Hacker News new | ask | show | jobs
by philh 1333 days ago
SQL queries sometimes put floats in GROUP BY. E.g. if you have a many-to-one relationship you might do a query like

    SELECT foo_id, foo.some_float, SUM(bar.some_thing)
    FROM foo JOIN bar USING (foo_id)
    GROUP BY foo_id, foo.some_float
I feel kinda dirty whenever I do this.

Though, I would guess the optimizer (at least in postgres) is smart enough to ensure no float equality checks actually happen under-the-hood. They could be necessary, if the schema was different than I'm imagining; but maybe in that case, it would almost always be a bad idea.

2 comments

Why would you feel dirty? In this case it is solving for exact equality, ie the same bits, it doesn't matter that the value is a float.

Though I have seen some people using a double as a primary key (no idea why) and some database engine (internal, not major vendor) failing to do equality comparisons in certain statements, I suspect because they must be switching to "close enough" which is not what you expect when you write col1 = col2.

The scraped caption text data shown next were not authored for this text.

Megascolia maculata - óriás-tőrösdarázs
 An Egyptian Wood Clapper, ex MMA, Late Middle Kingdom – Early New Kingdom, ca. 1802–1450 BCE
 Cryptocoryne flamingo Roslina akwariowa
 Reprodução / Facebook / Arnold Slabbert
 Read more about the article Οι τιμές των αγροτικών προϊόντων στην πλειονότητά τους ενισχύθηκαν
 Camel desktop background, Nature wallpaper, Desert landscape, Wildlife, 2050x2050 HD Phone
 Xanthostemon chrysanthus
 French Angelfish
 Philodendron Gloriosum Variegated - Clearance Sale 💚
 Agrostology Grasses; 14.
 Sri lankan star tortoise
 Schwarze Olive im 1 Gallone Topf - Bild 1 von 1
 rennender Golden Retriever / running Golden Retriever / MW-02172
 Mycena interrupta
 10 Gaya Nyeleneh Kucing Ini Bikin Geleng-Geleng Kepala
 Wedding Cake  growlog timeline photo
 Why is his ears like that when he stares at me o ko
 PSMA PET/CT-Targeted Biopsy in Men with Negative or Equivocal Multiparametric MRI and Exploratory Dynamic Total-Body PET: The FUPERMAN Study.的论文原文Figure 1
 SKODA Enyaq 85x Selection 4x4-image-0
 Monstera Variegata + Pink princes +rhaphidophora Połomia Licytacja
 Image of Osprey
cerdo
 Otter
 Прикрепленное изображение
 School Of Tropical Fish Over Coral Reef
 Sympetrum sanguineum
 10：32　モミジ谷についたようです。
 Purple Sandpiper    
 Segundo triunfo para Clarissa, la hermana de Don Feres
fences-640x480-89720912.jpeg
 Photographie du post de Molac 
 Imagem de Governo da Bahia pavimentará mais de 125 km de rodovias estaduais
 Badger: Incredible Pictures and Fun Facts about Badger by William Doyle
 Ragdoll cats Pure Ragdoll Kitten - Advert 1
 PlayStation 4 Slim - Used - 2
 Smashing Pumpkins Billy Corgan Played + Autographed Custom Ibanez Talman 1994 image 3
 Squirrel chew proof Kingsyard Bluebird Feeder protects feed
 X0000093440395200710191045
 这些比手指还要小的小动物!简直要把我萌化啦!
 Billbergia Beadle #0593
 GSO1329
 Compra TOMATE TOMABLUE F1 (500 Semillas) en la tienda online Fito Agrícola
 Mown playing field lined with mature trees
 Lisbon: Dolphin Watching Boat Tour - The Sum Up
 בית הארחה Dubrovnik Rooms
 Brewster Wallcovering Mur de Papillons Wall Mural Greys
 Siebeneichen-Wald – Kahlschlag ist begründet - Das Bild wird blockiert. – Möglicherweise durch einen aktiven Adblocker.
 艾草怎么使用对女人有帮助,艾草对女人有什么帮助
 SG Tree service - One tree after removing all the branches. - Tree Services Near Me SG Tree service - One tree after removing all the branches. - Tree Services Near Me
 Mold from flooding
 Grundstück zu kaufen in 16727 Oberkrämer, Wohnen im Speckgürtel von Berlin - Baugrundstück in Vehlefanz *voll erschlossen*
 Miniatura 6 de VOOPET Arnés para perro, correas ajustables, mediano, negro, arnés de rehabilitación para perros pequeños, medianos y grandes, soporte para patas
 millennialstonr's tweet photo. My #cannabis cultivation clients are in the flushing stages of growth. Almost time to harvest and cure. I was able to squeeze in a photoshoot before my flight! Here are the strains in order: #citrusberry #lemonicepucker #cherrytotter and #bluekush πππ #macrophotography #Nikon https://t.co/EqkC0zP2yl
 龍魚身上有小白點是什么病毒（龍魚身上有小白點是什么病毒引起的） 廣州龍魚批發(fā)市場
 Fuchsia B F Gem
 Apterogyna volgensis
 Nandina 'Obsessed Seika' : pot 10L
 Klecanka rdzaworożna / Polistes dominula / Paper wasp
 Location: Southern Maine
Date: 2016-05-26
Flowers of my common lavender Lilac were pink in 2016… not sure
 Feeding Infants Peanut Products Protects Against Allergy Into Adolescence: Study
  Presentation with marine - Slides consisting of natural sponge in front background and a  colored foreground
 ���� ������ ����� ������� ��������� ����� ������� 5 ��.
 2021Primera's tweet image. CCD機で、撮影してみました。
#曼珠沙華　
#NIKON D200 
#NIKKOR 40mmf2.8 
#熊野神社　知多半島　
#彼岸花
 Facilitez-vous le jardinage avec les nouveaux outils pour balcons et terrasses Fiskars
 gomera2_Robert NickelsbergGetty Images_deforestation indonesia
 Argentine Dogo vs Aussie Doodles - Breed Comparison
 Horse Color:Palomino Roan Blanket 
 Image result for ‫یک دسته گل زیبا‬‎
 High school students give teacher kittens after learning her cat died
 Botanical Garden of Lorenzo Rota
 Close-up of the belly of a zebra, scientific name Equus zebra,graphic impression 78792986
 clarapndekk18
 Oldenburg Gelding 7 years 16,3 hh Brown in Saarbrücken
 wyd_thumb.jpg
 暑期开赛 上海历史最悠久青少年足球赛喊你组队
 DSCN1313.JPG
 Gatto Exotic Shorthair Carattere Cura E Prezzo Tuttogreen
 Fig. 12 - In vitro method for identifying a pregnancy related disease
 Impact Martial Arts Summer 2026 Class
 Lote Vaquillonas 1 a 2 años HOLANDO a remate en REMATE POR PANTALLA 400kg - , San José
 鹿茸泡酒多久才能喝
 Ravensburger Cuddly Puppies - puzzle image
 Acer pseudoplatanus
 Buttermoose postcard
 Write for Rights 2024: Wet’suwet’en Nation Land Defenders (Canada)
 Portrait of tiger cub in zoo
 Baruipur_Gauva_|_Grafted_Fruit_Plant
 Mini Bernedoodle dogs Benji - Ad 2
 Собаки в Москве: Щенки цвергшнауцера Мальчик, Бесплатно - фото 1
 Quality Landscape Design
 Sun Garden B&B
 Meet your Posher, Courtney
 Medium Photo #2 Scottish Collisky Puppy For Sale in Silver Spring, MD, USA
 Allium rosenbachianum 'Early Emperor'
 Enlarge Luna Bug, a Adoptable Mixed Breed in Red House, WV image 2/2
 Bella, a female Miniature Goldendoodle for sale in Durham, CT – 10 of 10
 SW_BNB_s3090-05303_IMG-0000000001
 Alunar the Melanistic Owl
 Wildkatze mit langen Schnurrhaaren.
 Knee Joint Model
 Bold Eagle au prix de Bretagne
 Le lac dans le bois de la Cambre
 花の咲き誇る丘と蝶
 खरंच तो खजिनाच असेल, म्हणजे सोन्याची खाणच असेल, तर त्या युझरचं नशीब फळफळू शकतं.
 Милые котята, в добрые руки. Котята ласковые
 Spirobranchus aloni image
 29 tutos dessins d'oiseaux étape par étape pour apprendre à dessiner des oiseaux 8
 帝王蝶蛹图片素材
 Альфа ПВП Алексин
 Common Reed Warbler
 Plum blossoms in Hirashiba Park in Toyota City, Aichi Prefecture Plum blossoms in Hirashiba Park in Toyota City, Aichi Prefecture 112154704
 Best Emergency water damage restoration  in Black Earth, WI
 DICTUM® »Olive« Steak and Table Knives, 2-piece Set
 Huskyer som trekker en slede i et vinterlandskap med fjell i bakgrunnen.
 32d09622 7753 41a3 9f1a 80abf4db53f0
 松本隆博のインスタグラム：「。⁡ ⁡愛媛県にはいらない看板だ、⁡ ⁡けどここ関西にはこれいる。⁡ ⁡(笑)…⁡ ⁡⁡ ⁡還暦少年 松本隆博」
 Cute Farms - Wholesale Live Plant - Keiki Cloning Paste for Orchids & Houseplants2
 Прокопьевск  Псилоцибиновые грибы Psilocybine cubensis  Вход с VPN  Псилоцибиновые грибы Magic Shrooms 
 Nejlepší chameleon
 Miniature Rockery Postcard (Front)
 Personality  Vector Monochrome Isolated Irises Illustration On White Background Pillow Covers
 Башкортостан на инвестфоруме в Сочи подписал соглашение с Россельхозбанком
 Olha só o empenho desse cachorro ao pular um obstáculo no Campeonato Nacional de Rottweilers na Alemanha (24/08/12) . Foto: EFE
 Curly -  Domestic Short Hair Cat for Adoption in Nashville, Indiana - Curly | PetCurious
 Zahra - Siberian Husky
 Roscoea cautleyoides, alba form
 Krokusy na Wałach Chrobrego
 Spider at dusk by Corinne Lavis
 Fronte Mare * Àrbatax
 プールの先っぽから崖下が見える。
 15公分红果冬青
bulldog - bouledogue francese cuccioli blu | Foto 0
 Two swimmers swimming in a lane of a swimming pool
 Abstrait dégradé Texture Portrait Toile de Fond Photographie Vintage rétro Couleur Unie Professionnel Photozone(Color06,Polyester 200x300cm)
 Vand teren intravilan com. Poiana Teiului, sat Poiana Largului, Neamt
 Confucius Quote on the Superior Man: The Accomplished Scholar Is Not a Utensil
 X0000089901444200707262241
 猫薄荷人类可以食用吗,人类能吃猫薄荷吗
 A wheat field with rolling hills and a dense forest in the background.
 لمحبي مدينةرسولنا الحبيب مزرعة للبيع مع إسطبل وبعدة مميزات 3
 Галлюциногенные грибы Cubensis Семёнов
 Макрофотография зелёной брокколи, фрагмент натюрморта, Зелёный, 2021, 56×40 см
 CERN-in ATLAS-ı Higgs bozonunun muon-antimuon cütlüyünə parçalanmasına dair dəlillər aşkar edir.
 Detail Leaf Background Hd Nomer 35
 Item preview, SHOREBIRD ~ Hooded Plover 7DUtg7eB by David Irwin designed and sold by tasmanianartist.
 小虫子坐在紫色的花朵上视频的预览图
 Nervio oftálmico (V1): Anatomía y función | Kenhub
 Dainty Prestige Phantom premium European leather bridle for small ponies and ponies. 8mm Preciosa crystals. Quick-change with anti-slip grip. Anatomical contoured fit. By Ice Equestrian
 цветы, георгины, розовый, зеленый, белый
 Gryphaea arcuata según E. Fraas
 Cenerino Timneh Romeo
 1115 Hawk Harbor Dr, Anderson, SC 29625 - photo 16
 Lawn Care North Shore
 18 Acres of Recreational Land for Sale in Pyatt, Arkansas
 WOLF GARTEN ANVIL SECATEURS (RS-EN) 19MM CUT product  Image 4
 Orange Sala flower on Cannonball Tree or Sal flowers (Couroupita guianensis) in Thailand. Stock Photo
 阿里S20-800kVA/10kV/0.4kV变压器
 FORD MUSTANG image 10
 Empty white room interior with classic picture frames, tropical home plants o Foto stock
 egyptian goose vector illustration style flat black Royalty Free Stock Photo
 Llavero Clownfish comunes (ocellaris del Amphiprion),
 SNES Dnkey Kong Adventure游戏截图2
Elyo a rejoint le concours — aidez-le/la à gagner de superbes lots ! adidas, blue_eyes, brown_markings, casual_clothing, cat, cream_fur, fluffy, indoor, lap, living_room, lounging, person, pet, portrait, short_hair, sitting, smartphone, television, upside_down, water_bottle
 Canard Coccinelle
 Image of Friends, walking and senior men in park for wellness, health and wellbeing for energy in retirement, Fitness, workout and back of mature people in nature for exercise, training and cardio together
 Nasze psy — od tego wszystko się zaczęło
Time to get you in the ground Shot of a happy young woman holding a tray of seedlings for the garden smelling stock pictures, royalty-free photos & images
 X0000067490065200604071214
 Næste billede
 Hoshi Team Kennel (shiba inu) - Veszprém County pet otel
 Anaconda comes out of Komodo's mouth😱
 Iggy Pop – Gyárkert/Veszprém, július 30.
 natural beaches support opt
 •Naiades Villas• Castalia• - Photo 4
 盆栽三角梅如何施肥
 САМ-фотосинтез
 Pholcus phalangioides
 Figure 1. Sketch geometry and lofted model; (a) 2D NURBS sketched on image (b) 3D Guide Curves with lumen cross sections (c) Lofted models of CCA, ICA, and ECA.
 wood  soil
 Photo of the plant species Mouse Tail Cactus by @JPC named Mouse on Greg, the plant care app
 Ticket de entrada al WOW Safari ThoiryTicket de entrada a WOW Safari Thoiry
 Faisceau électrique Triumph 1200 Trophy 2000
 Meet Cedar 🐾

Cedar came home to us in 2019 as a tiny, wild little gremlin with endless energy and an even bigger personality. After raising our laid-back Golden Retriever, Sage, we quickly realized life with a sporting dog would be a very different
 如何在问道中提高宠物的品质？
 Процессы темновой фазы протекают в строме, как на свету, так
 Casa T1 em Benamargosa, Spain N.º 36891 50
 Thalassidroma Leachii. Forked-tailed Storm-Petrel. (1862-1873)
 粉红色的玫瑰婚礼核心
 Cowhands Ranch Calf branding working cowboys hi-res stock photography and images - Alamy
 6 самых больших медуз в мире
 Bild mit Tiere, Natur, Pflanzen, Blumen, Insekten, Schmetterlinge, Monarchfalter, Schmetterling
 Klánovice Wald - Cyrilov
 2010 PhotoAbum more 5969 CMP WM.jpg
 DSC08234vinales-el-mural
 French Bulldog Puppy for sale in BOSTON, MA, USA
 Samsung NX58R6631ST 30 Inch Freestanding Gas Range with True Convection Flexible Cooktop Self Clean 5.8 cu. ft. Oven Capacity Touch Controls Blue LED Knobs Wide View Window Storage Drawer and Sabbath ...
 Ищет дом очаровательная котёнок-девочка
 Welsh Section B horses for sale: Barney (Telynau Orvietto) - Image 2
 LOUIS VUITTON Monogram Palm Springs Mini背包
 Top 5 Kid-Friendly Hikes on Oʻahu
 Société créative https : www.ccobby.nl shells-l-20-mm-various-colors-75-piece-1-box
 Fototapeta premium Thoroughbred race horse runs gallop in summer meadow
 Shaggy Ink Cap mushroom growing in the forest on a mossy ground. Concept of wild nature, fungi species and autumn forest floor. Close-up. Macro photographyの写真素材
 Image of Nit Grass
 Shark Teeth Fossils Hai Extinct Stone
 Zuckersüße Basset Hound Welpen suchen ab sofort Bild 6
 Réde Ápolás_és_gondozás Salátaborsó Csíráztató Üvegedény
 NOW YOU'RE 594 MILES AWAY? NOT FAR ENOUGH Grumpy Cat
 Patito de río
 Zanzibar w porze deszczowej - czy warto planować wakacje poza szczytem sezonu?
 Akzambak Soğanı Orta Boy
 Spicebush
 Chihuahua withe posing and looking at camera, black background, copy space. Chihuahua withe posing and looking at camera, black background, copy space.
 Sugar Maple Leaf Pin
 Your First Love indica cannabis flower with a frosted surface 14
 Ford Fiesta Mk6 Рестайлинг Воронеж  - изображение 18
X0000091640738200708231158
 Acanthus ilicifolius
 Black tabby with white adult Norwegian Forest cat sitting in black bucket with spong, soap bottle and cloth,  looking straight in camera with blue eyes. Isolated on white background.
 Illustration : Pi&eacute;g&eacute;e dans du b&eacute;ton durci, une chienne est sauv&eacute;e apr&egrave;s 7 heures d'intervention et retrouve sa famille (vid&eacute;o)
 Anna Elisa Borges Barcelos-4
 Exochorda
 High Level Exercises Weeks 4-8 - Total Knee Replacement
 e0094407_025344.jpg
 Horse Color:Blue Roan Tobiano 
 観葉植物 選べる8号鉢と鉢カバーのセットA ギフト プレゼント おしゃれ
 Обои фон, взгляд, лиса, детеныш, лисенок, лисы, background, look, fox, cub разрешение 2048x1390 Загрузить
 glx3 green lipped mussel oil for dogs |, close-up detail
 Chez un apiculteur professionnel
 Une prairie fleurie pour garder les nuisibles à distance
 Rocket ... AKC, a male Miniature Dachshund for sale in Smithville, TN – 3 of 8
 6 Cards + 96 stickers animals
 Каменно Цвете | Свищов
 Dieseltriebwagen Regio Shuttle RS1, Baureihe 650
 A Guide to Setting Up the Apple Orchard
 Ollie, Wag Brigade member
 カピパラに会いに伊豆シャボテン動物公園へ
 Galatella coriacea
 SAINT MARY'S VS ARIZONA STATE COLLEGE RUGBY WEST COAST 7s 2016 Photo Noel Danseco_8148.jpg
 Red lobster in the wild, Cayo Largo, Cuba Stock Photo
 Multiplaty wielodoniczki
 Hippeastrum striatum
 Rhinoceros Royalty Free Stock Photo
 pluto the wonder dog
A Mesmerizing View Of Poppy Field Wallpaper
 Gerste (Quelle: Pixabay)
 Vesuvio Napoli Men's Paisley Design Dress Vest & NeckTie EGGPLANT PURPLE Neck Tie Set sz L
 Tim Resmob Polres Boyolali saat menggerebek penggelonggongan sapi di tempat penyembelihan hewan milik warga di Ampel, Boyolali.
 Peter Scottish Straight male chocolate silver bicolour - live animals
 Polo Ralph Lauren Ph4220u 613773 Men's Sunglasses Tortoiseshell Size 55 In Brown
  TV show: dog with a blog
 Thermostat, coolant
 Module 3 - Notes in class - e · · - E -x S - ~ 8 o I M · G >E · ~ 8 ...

This is also really kind of an artifact of how GROUP BY works in most database engines.

I've always liked the way MySQL/MariaDB let you omit things from the GROUP BY if they're provably unique in each group (here, if foo_id is a primary key of foo, and you're grouping by it, there can only ever be one foo.some_float for each foo_id).

I suspect in practice this would get rid of approximately all occurrences of group-by-float.